Poutine, le 15 février 2022.

Poutine décrit le scénario catastrophe sur les prix énergétiques et alimentaires en cas de sanctions

Le Vif

Le président russe Vladimir Poutine a prévenu jeudi que les sanctions occidentales visant son pays en lien avec l’Ukraine allaient aggraver la crise énergétique et l’inflation des prix alimentaires à l’échelle mondiale.

Alors que la morsure de ces mesures punitives commence à se faire sentir en Russie, avec notamment un effondrement du rouble, M. Poutine s’est voulu rassurant en soutenant qu’elles n’affecteraient pas durement ses concitoyens.

Depuis son déclenchement le 24 février, l’intervention militaire russe en Ukraine suscite l’inquiétude des marchés mondiaux. Les cours du gaz et du pétrole, dont la Russie est un important fournisseur, se sont envolés.

Lors d’une réunion gouvernementale retransmise à la télévision, M. Poutine a assuré que son pays « respecte toutes (ses) obligations en matière d’approvisionnements énergétiques ». Il a insisté sur le fait que « tous les volumes » étaient livrés à l’Europe comme ailleurs et que même le « système de transport de gaz de l’Ukraine est rempli à 100% », ce réseau de gazoduc constituant l’une des artères gazières clé pour approvisionner le continent européen, dont environ 40% du gaz consommé est russe.
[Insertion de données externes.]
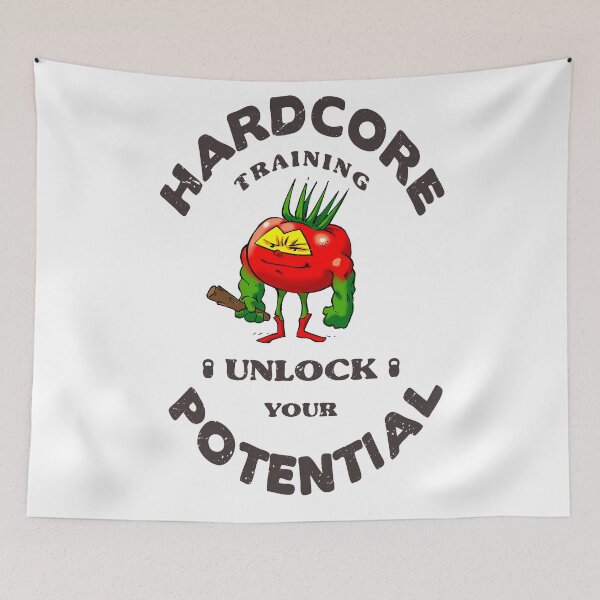 Item preview, Hardcore Training Unlock Your Potential Tomato The Barbarian Foodietoon Superhero Bodybuilder Workout Power-lifter Weightlifter designed and sold by ProjectX23.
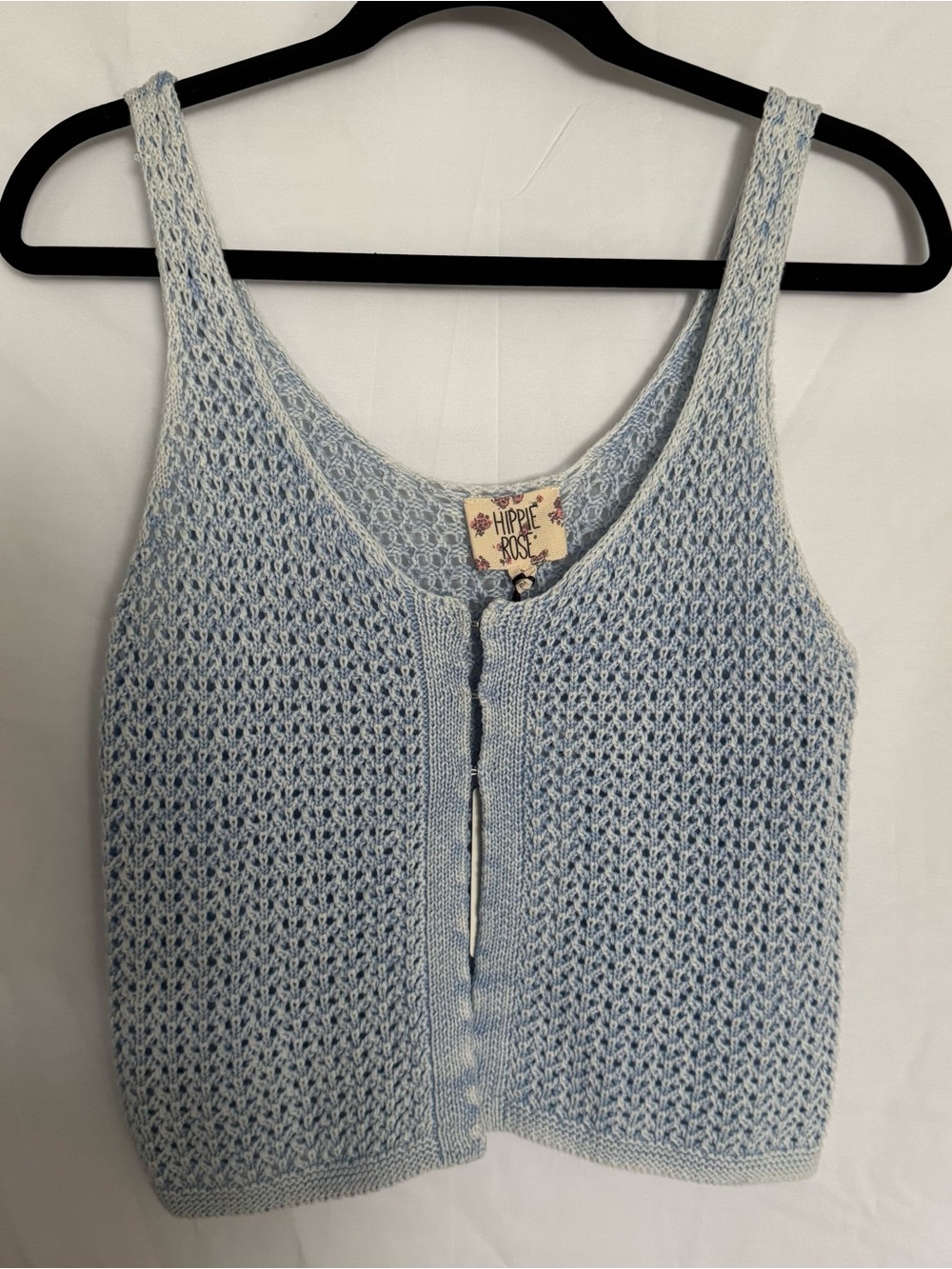Hippie Rose Sky Blue Crochet Knit Tank Top Boho Crop Size S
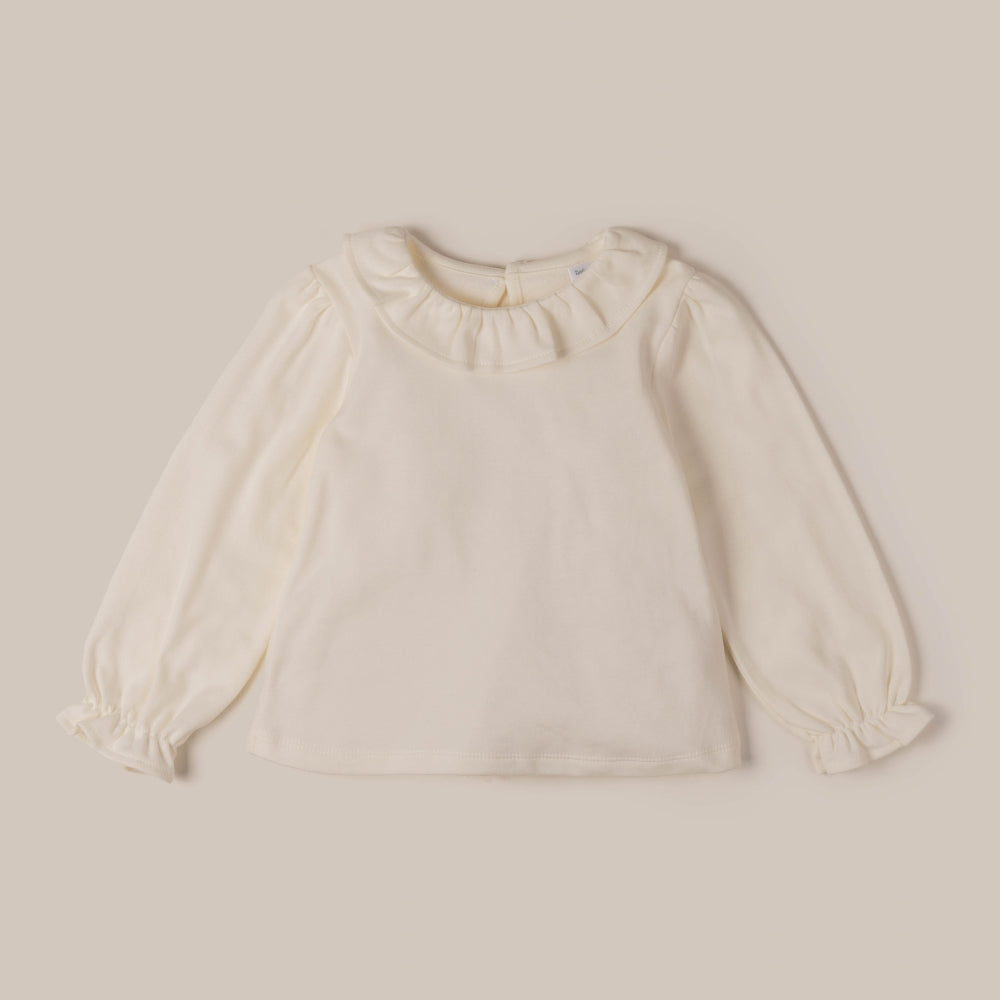 Blouse à volants en coton fille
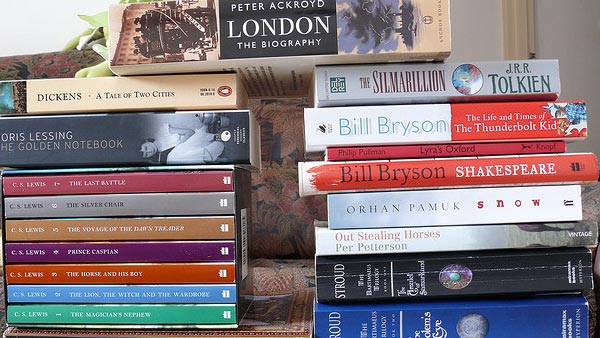 A photo of Books.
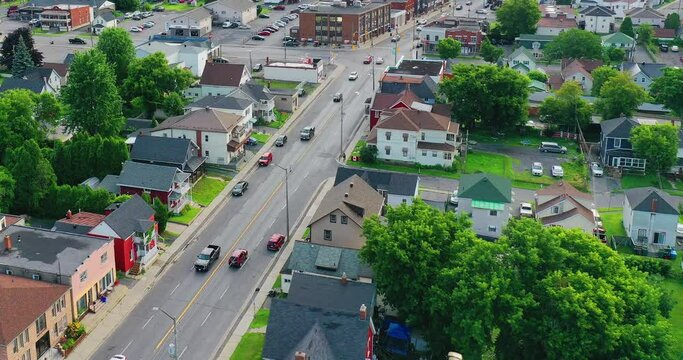 Aerial hyperlapse of Cornwall, Ontario, Canada in summer 4K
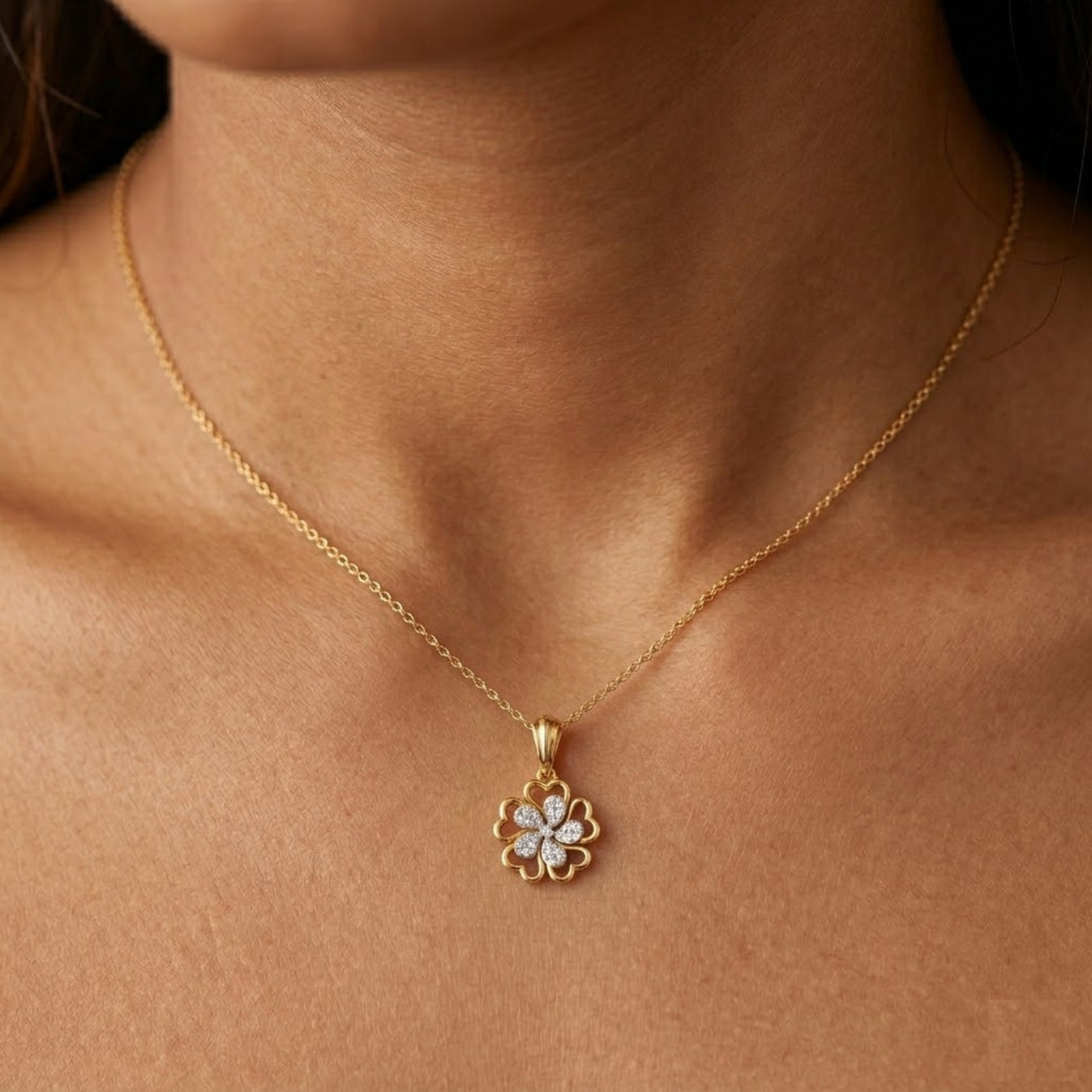 Gold & Diamond Floral Pendant Set KRC40680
Selon M. Poutine, dès lors, l’envolée des cours du gaz et du pétrole sur les marchés mondiaux n’a rien à voir avec la Russie, alors que les prix atteignent des sommets depuis que les forces russes sont entrées en masse en Ukraine. « Les prix augmentent là-bas, mais ce n’est pas de notre faute, c‘est le résultat de leurs propres erreurs de calcul, on ne peut pas nous rejeter la faute », a-t-il dit.

Engrais

Le chef de l’État russe a par ailleurs estimé que les sanctions occidentales allaient compliquer l’exportation d’engrais et entraîner une hausse mondiale des prix alimentaires.

La Russie, tout comme son voisin le Bélarus, lui aussi durement sanctionné, sont des grands fournisseurs d’engrais minéraux et approvisionnent aussi bien l’Europe que l’Amérique du Sud.

« Si ça continue comme ça, cela aura des conséquences sérieuses (…) pour le secteur alimentaire dans l’ensemble, la hausse de l’inflation sera inévitable », a dit M. Poutine.

Si les engrais russes ne sont pas directement visés par les sanctions, les secteurs de la finance et de la chaîne logistique le sont, ce qui affecte les capacités de la Russie à exporter.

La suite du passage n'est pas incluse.